:: Entries shown ::
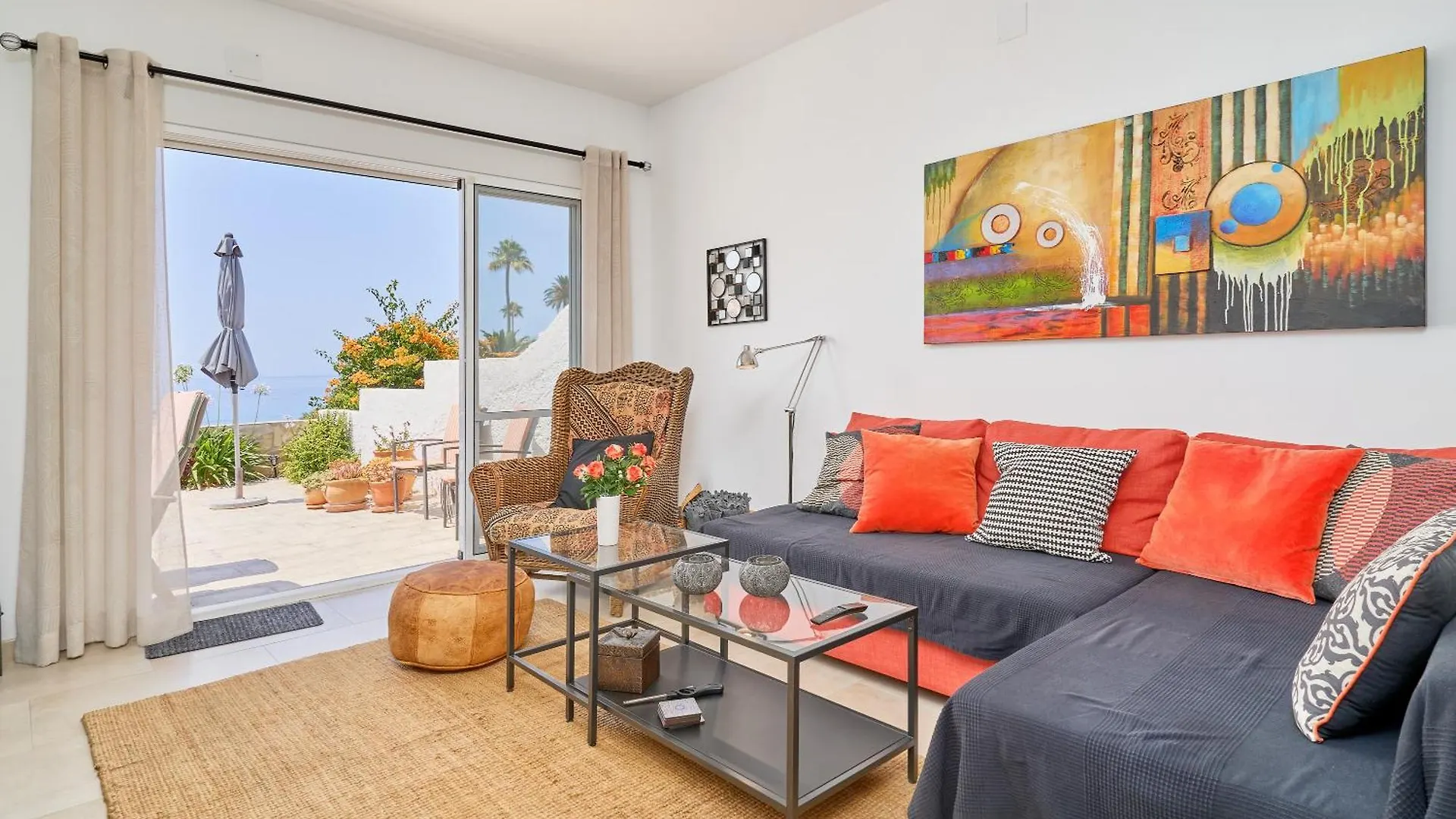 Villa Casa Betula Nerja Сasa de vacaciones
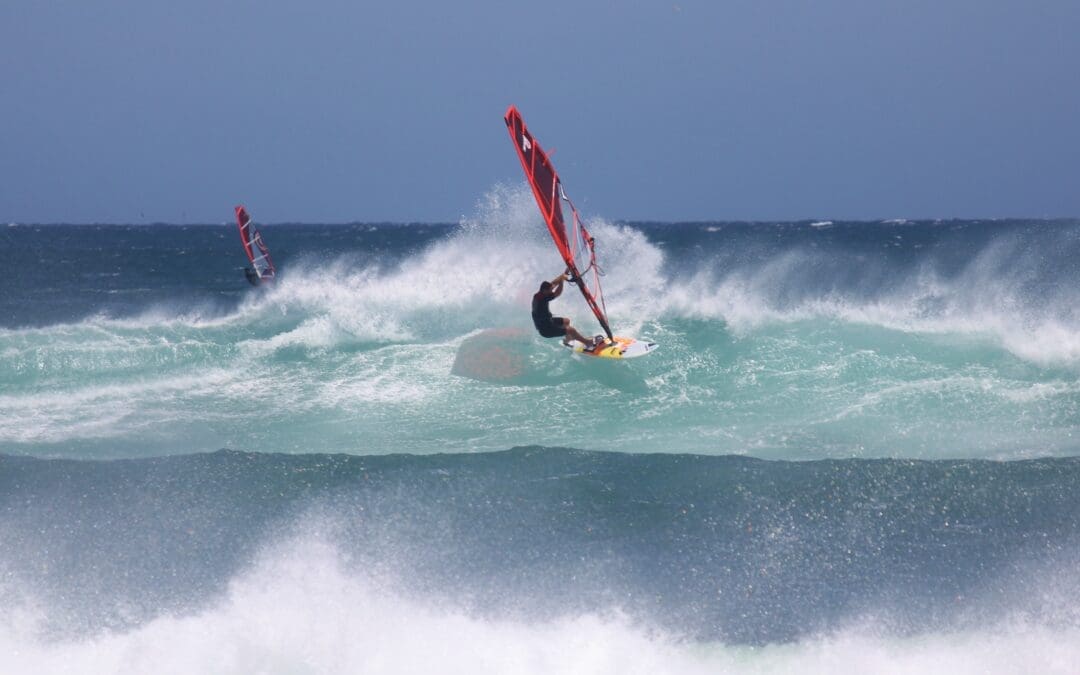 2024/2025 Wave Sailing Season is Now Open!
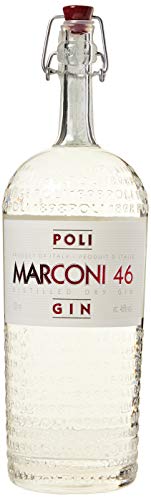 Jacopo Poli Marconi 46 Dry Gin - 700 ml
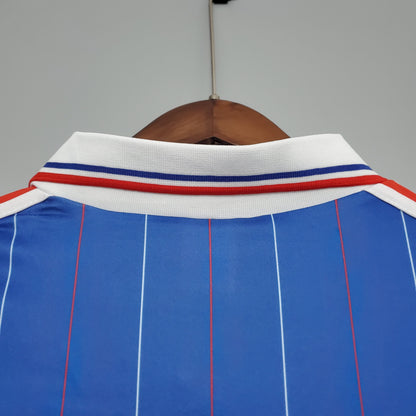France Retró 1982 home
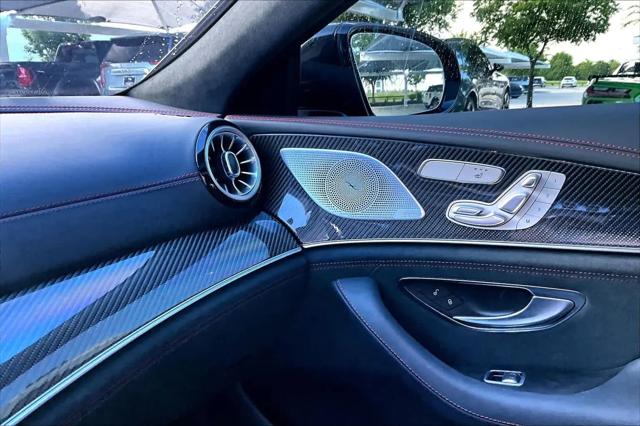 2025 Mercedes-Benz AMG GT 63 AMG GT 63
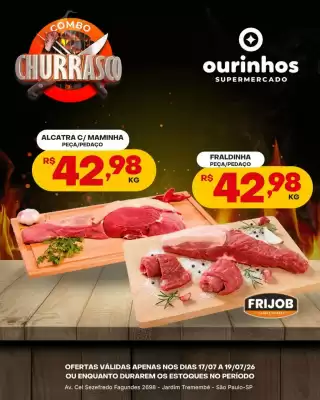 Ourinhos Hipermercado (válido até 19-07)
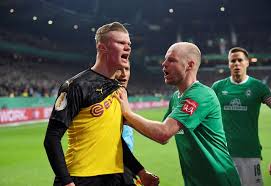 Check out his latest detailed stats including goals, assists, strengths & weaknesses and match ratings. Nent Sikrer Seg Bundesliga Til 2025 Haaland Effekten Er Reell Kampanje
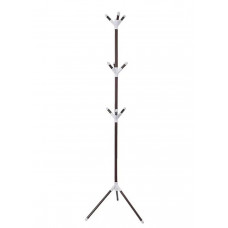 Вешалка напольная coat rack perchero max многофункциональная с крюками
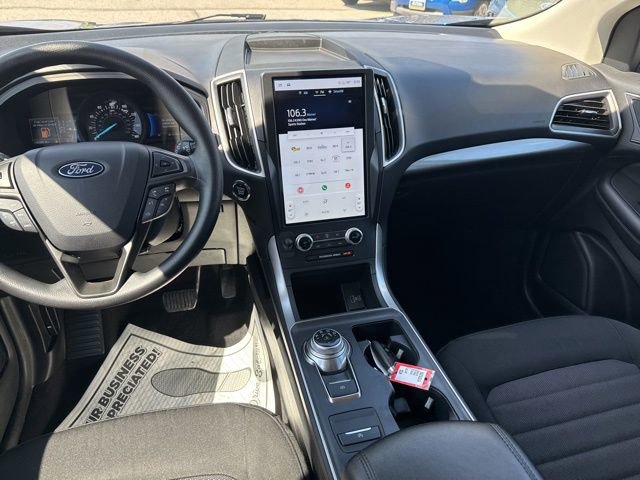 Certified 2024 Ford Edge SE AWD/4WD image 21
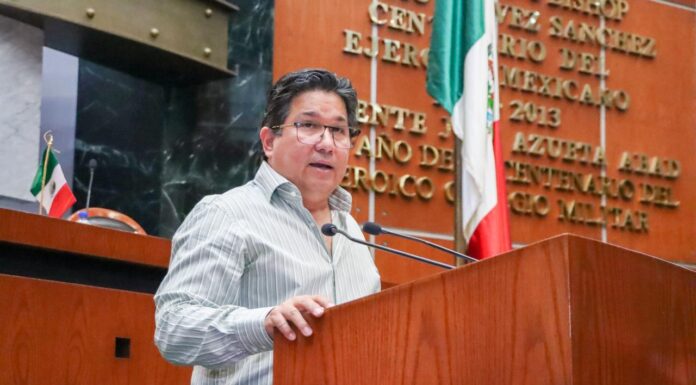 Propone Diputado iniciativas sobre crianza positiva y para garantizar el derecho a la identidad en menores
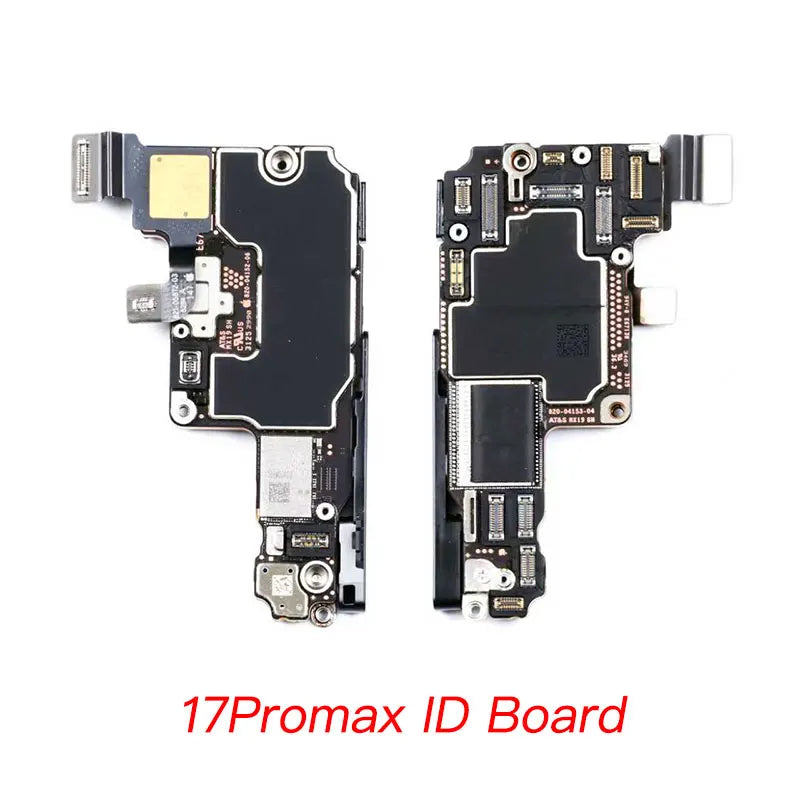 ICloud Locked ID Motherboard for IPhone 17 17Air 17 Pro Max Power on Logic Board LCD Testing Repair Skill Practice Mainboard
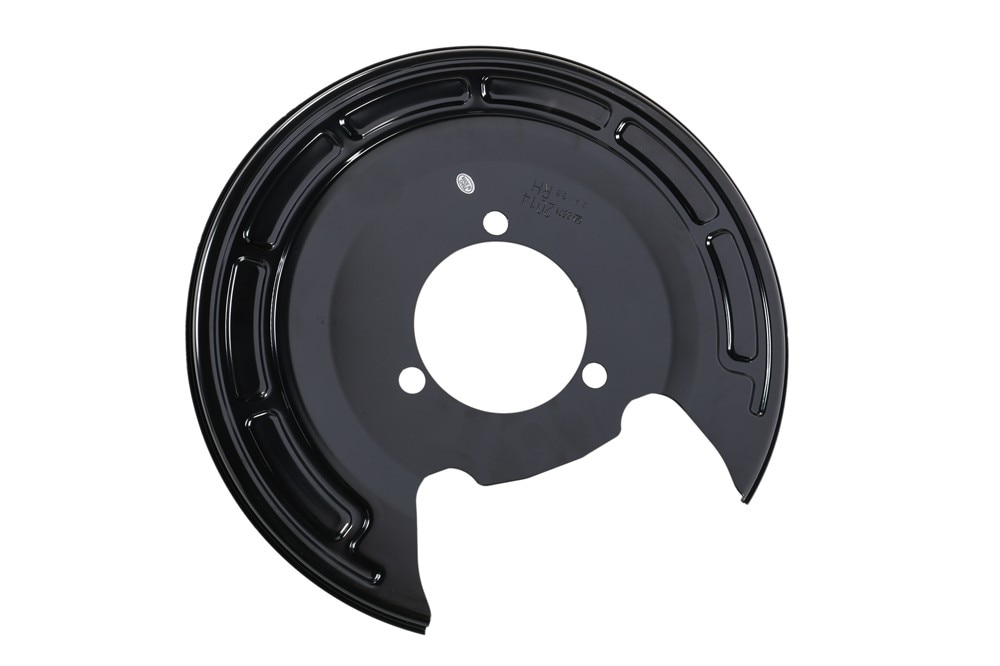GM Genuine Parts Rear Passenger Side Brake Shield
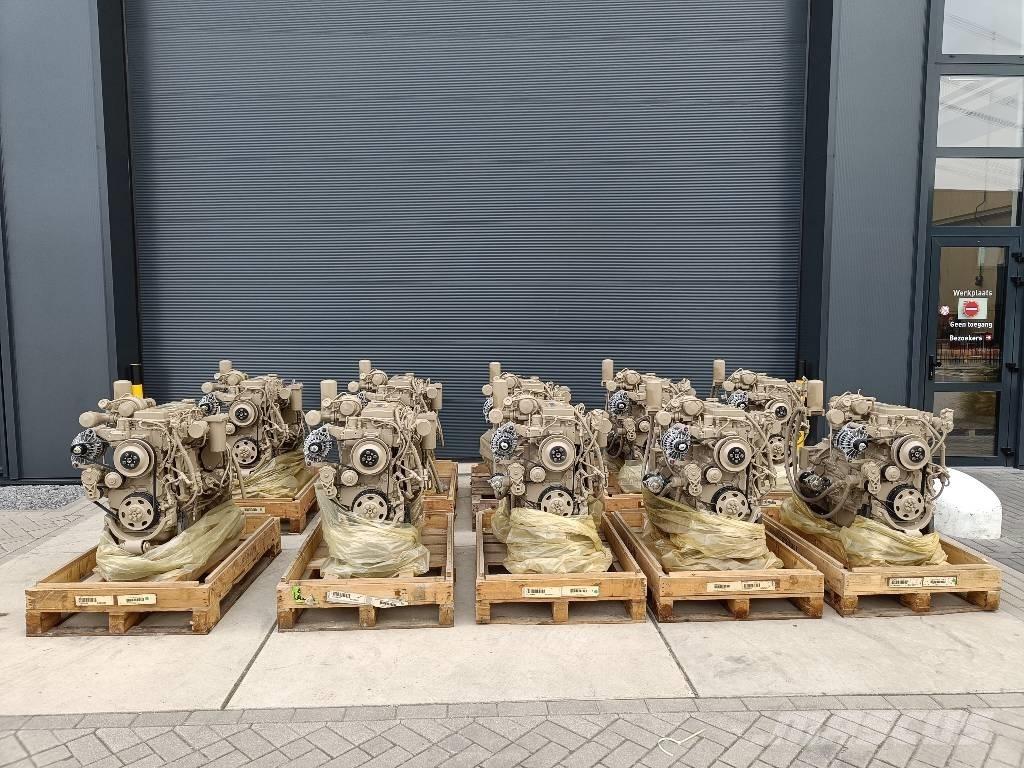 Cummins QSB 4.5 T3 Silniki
:::
* **Directions for this task**: What you give back should be exactly the lines from the top of the data above down to and including the line with "Propone Diputado iniciativas", minus any pictures.

* **Written answer**:
 Villa Casa Betula Nerja Сasa de vacaciones
 2024/2025 Wave Sailing Season is Now Open!
 Jacopo Poli Marconi 46 Dry Gin - 700 ml
France Retró 1982 home
 2025 Mercedes-Benz AMG GT 63 AMG GT 63
 Ourinhos Hipermercado (válido até 19-07)
 Check out his latest detailed stats including goals, assists, strengths & weaknesses and match ratings. Nent Sikrer Seg Bundesliga Til 2025 Haaland Effekten Er Reell Kampanje
 Вешалка напольная coat rack perchero max многофункциональная с крюками
 Certified 2024 Ford Edge SE AWD/4WD image 21
 Propone Diputado iniciativas sobre crianza positiva y para garantizar el derecho a la identidad en menores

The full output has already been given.